■ Dataset content:
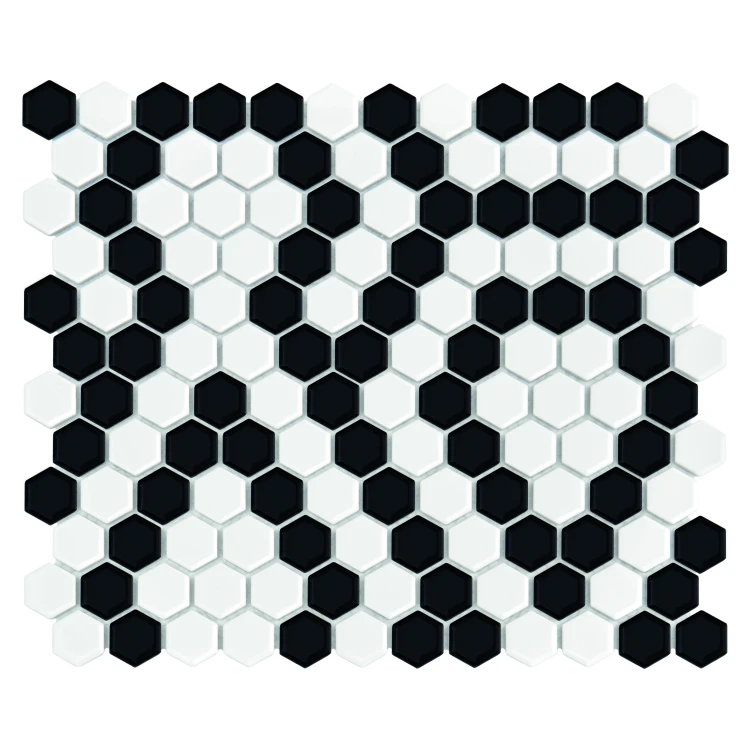 Mini Hexagon B&W LACE,płytka,mozaika,ceramiczna,kuchnia,łazienka,przedpokój,podłogi,ściany,26x30cm.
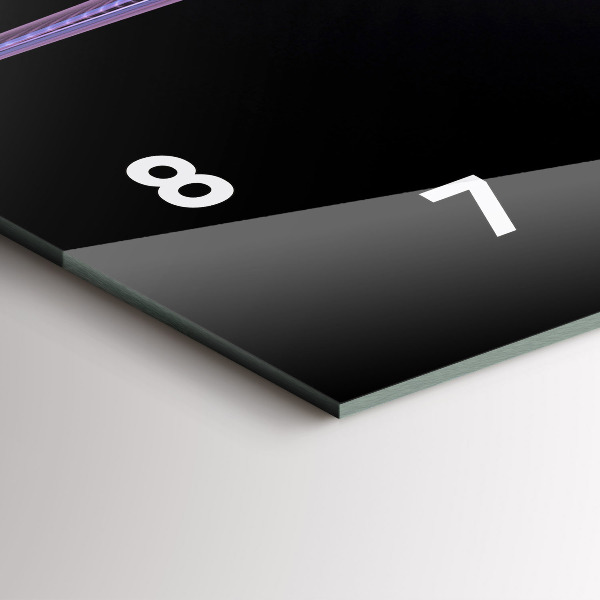 Ceas orizontale de perete din sticlă Abstracție violet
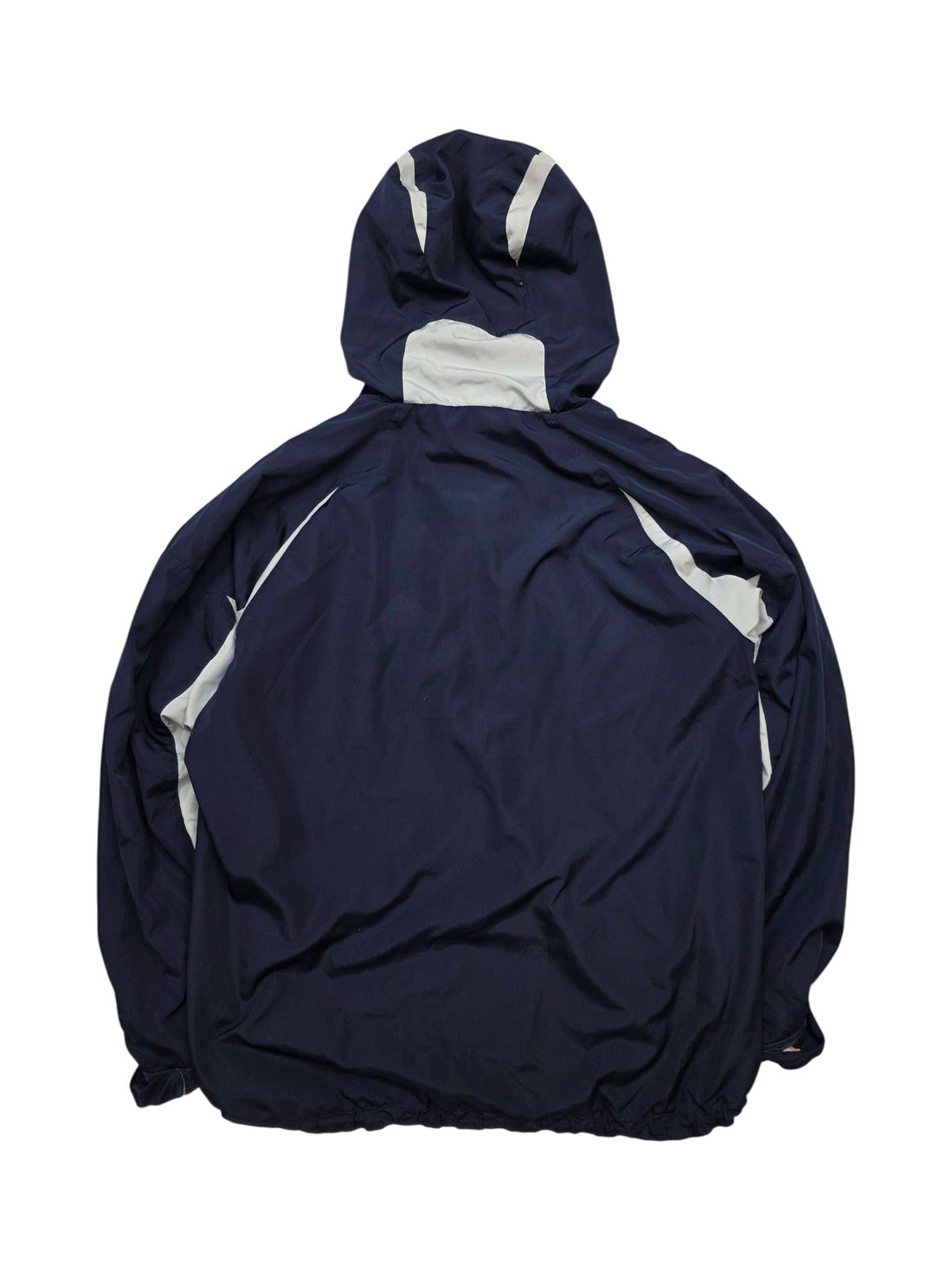 Vintage Nike Track Jacket mit Kapuze Navy Hellgrau Größe XL – Frontansicht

■ Task brief: Retype the whole listing exactly and leave the pictures out.

■ Task response:
 Mini Hexagon B&W LACE,płytka,mozaika,ceramiczna,kuchnia,łazienka,przedpokój,podłogi,ściany,26x30cm.
 Ceas orizontale de perete din sticlă Abstracție violet
 Vintage Nike Track Jacket mit Kapuze Navy Hellgrau Größe XL – Frontansicht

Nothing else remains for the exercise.